However, where the order is based on serious allegations of misconduct, a departmental enquiry would be necessary. In the instant case, the respondent employee had failed to explain excess amount of Rs. 70/- with him to the satisfaction of the authorities; though he stated that it was brought by him from his home for his personal use, which the answer he failed to explain and was treated as shifting of stand. 13. A bench of the the Apex Court in State of U.P. and another v. Kaushal Kishore Shukla, (1991) 1 UPLBEC 152, has held that every order terminating services of a temporary servant does not amount to dismissal from service merely because an enquiry was held before an order of termination was passed. The appropriate authority can hold departmental enquiry in order to ascertain suitability of an employee. It would be appropriate to reproduce the relevant portion of the judgment of the Apex Court in the case of Kaushal Kishore Shukla (Supra) : “Learned counsel for the respondent urged that the allegations made against the respondent in respect of the audit of Boys Fund of an educational institution were incorrect and he was not given any opportunity of defence during the inquiry which was held ex parte. had he been given the opportunity, he would have placed correct facts before the inquiry officer. His services were terminated on allegation of misconduct founded on the basis of an ex parte enquiry report. He further referred to the allegations made against the respondent in the counter-affidavit filed before the High Court and urged that these facts demonstrate that the order of termination was in substance, an order of termination founded on the allegations of misconduct, and the ex parte enquiry report. In order to determine this question, it is necessary to consider the nature of the respondent’s right to hold the post and to ascertain the nature and purpose of the inquiry held against 36 him. As already observed, the respondent being a temporary Government servant had no right to hold the post, and the competent authority terminated his services by an innocuous order of termination without casting any stigma on him. The termination order does not indict the respondent for any misconduct. The inquiry which was held against the respondent was preliminary in nature to ascertain the respondent’s suitability and continuance in service.

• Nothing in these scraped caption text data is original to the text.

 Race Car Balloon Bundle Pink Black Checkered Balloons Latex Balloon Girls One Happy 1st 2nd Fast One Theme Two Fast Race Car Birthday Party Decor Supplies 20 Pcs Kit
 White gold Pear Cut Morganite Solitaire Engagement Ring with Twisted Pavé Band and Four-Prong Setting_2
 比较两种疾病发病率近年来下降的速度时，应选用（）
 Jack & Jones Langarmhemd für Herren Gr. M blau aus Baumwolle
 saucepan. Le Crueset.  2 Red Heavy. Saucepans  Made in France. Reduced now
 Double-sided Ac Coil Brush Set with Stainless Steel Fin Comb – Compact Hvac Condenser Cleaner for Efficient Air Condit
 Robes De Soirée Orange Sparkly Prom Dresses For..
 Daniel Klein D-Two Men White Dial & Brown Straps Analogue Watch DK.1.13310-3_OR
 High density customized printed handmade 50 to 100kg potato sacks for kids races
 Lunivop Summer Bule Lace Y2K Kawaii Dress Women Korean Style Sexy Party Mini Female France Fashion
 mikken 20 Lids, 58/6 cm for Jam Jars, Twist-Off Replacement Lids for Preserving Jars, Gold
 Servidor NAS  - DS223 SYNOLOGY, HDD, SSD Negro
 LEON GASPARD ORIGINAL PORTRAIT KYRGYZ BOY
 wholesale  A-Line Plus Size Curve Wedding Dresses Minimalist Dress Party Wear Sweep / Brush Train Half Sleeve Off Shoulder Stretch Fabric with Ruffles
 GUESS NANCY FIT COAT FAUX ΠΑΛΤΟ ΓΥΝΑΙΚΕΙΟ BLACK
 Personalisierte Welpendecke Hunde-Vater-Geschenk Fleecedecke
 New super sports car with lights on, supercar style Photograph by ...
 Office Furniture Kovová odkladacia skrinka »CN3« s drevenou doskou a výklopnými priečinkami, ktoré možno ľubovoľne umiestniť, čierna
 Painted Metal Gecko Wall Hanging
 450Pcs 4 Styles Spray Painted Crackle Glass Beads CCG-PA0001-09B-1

The termination order does not indict the respondent for any misconduct. The inquiry which was held against the respondent was preliminary in nature to ascertain the respondent’s suitability and continuance in service. There was no element of punitive proceedings as no charges had been framed, no inquiry officer was appointed, no findings were recorded, instead a preliminary inquiry was held and on the report of the preliminary inquiry the competent authority terminated the respondent’s services by an innocuous order in accordance with the terms and conditions of his service. Mere fact that prior to the issue of order of termination, an inquiry against the respondent in regard to the allegations of unauthorised audit of Boys Fund, was held does not change the nature of the order of termination into that of punishment as after the preliminary inquiry the competent authority took no steps to punish the respondent instead it exercised its power to terminate the respondent’s services in accordance with the contract of service and the Rules. In State of Orissa and another v. Ram Narain Dass, [1961] 1 SCR 606, a Constitution Bench of this Court considered the question and indicated “the fact of the holding of an inquiry is not decisive of the question. What is decisive is whether the order is by way of punishment in the light of the tests laid down in Purshottam Lal Dhingra’s case.” In Jagdish Mitter’s case (supra) a Constitution Bench of this Court held that every order terminating the services of a temporary public servant does no amount to dismissal or removal from service merely because an inquiry was held before the order of termination was passed. The Court observed that the appropriate authority has power to terminate a temporary public servant either by discharging him under the terms of contract or the relevant rules or by holding departmental disciplinary inquiry and dismissing him from service. Before passing order of termination the competent authority may hold inquiry in fairness to ascertain whether the temporary servant should be continued in service or not. While discussing the nature of preliminary inquiry the Court observed as under: “There is no element of punitive proceedings in such an enquiry; the idea in holding such an enquiry is not the punish the temporary servant but just to decide whether he 37 deserves to be continued in service or not.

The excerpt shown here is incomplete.